I first discovered nylon straps as an alternative to leather and steel. I sweat easily, and my work conditions are such that leather and steel will get scratched, gouged, and otherwise damaged. Nylon, however foregoes these disadvantages, and unlike leather or steel, I can have a lot of fun with different colors or patterns. Among my favorites is this BMW-inspired design by Movement 923 that I wear with various watches - this time with a Rolex Explorer 2 that I used to own. It's made in Europe, and the material is soft with colors that don't bleed or easily fade, even after multiple washes.
Some enthusiasts want a strap that's a little more substantial, and you can't go wrong with leather. Leather can both dress a watch up or dress it down, depending on the aesthetic you are after. There are a lot of places you can buy leather straps - you can find kiosks in various malls that sell them. If you're looking for something unique, however, there are a lot of great leather-workers in the Philippines that will do custom straps for you. Among them is Jaquie Ang, whose creations are all done by hand and made to order.

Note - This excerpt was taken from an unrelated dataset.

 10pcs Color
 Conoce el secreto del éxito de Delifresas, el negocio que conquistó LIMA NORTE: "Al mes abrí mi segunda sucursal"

Jaquie only makes full grain cow hide leather straps, but there are a lot of color options. Colors come in small batches, and once that color is gone, that's it. Different buckle hardware and colored stitching further makes each piece unique. Glue or other adhesives aren't used, so the straps are more resistant to heat or being submerged in water. The right color strap can really enhance the character and beauty of a watch, if paired correctly. This Hamilton Jazzmaster Maestro's gold hands and indices have more pop to them against the white dial when matched with this gorgeous green leather strap.
Once limited to just diver's watches and G-Shocks, silicone or rubber straps have grown in popularity for all sorts of watches. Even Rolex offers their own Oysterflex rubber band on select variants of the Daytona. Now you can get aftermarket rubber straps for most watches, with vibrant colors and the durability of rubber. Unlike nylon or leather, choosing a product depends on the kind of watch you have - Rolex, Seiko, Panerai, or something else. For this reason, I'm including here three brands Everest (who make exclusively for Rolex), Crafter Blue and Uncle Seiko (who are Seiko-specific), and Horus (who do straps for AP, Panerai, and Apple Watch) - all of which are available from Horology Matters.

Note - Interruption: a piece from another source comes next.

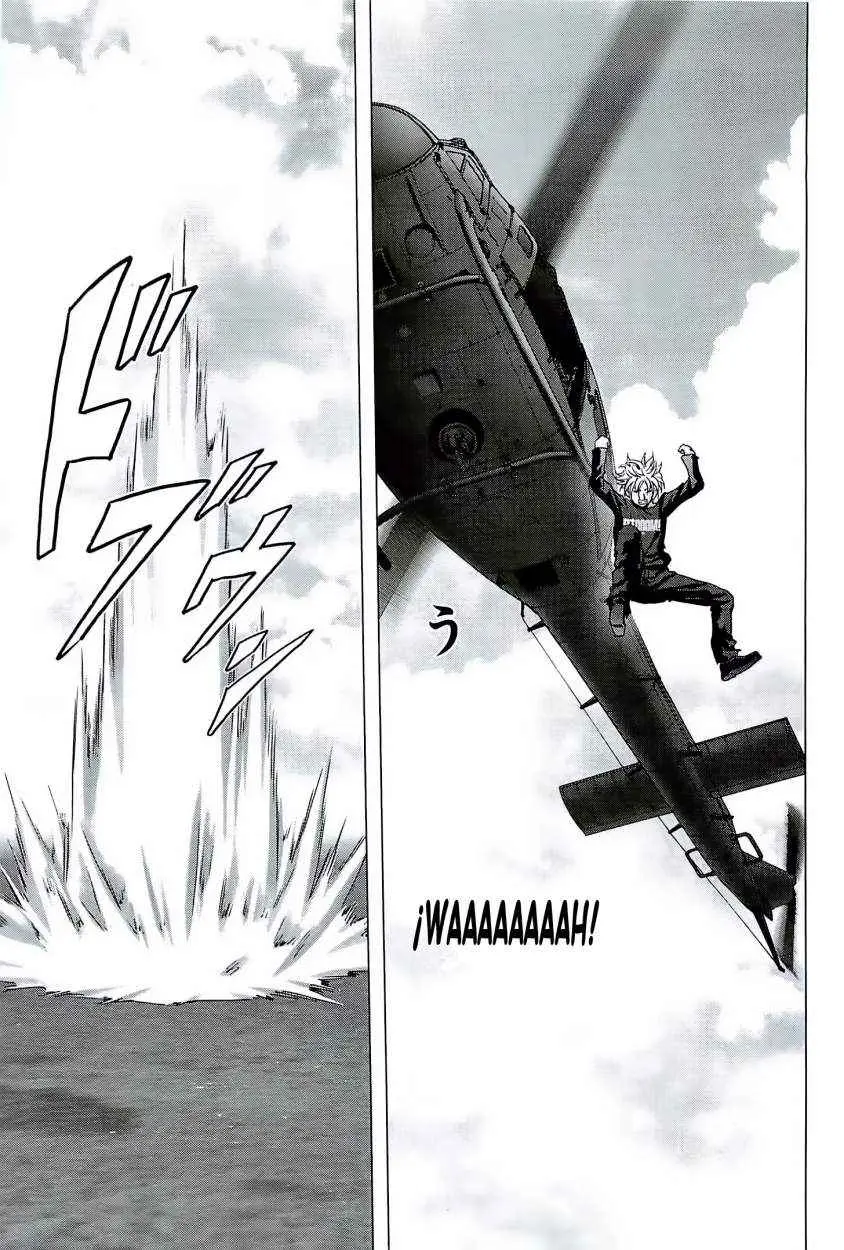 BTOOOM! capítulo 64 página 38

Rubber straps have a certain sportiness to them that lends well to more expensive, or larger case-sized tool watches. This works out well, too, because they aren't cheap - with prices in the five-figure range, you are right to expect a top-quality product. Thankfully, with the three brands mentioned, this isn't a problem. All three are UV, water and chemical resistant, which means durability isn't an issue. A lot of rubber straps also are hard and uncomfortable, but these are nice and pliable, meaning a more comfortable fit. If ever there was a watch-equivalent of "glamping" - that is glamorous camping - this would be it.
There are actually a few more aftermarket strap options, such as perlon and various metal bands. These three - nylon, leather and rubber - however, are the most popular. Which is best? That depends on the user - and the watch it will go on. While each has its own charm and function, and I don't believe that any have a definite advantage over the other. Much like watches themselves, the decision to go with any of these straps is purely a personal choice. The best part is that having different straps means you don't have to choose just one. Right now I could wear a nylon strap on a Seiko, but I might wear a leather strap on an Omega tomorrow, and a rubber strap on a Rolex the day after that. After all, why choose when you can have it all?